- **EXTRACTED RECORDS**

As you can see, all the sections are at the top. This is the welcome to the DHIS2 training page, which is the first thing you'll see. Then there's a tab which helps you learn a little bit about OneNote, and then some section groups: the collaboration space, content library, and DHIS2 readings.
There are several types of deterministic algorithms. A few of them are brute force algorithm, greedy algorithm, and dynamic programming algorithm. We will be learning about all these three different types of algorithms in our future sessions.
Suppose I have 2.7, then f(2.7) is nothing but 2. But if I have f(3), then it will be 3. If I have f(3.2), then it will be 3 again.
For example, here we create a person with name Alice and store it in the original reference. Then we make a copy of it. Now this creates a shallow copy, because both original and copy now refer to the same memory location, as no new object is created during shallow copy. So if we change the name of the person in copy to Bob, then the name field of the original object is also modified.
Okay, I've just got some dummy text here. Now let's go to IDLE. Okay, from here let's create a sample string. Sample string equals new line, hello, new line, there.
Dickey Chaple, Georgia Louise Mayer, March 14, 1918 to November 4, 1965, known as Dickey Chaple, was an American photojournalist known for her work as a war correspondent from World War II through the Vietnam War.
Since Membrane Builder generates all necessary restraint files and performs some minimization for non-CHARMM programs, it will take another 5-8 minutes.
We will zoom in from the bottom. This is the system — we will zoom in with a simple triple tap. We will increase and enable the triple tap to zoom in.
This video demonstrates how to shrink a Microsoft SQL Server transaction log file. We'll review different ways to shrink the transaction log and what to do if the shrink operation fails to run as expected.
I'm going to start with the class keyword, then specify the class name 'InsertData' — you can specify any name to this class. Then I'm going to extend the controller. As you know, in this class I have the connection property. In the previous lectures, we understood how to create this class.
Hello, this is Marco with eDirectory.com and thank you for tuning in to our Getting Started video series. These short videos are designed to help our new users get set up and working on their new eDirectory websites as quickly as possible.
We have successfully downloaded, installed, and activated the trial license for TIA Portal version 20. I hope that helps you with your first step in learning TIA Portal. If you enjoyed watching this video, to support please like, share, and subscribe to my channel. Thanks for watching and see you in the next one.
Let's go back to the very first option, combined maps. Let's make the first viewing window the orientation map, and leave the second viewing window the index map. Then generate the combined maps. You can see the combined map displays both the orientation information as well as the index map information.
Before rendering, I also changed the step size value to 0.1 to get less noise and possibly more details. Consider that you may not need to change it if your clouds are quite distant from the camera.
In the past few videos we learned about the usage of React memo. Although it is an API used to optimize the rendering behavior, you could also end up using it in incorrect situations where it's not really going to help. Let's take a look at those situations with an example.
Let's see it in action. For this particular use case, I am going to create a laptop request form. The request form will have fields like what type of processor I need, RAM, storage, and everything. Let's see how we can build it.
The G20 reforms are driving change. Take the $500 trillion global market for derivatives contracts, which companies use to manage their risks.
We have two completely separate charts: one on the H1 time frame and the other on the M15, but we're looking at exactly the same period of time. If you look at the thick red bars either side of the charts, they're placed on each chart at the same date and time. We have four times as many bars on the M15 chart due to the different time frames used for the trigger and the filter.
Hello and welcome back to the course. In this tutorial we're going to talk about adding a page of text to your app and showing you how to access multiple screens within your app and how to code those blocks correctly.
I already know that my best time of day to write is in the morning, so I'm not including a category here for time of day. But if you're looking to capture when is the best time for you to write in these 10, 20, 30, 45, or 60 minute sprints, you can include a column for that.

- **AIM OF THE TASK**
All lines from the one containing "We have successfully" through the end of the records, both ends included, are to be quoted exactly; please add nothing else.

- **TASK RESULT**
We have successfully downloaded, installed, and activated the trial license for TIA Portal version 20. I hope that helps you with your first step in learning TIA Portal. If you enjoyed watching this video, to support please like, share, and subscribe to my channel. Thanks for watching and see you in the next one.
Let's go back to the very first option, combined maps. Let's make the first viewing window the orientation map, and leave the second viewing window the index map. Then generate the combined maps. You can see the combined map displays both the orientation information as well as the index map information.
Before rendering, I also changed the step size value to 0.1 to get less noise and possibly more details. Consider that you may not need to change it if your clouds are quite distant from the camera.
In the past few videos we learned about the usage of React memo. Although it is an API used to optimize the rendering behavior, you could also end up using it in incorrect situations where it's not really going to help. Let's take a look at those situations with an example.
Let's see it in action. For this particular use case, I am going to create a laptop request form. The request form will have fields like what type of processor I need, RAM, storage, and everything. Let's see how we can build it.
The G20 reforms are driving change. Take the $500 trillion global market for derivatives contracts, which companies use to manage their risks.
We have two completely separate charts: one on the H1 time frame and the other on the M15, but we're looking at exactly the same period of time. If you look at the thick red bars either side of the charts, they're placed on each chart at the same date and time. We have four times as many bars on the M15 chart due to the different time frames used for the trigger and the filter.
Hello and welcome back to the course. In this tutorial we're going to talk about adding a page of text to your app and showing you how to access multiple screens within your app and how to code those blocks correctly.
I already know that my best time of day to write is in the morning, so I'm not including a category here for time of day. But if you're looking to capture when is the best time for you to write in these 10, 20, 30, 45, or 60 minute sprints, you can include a column for that.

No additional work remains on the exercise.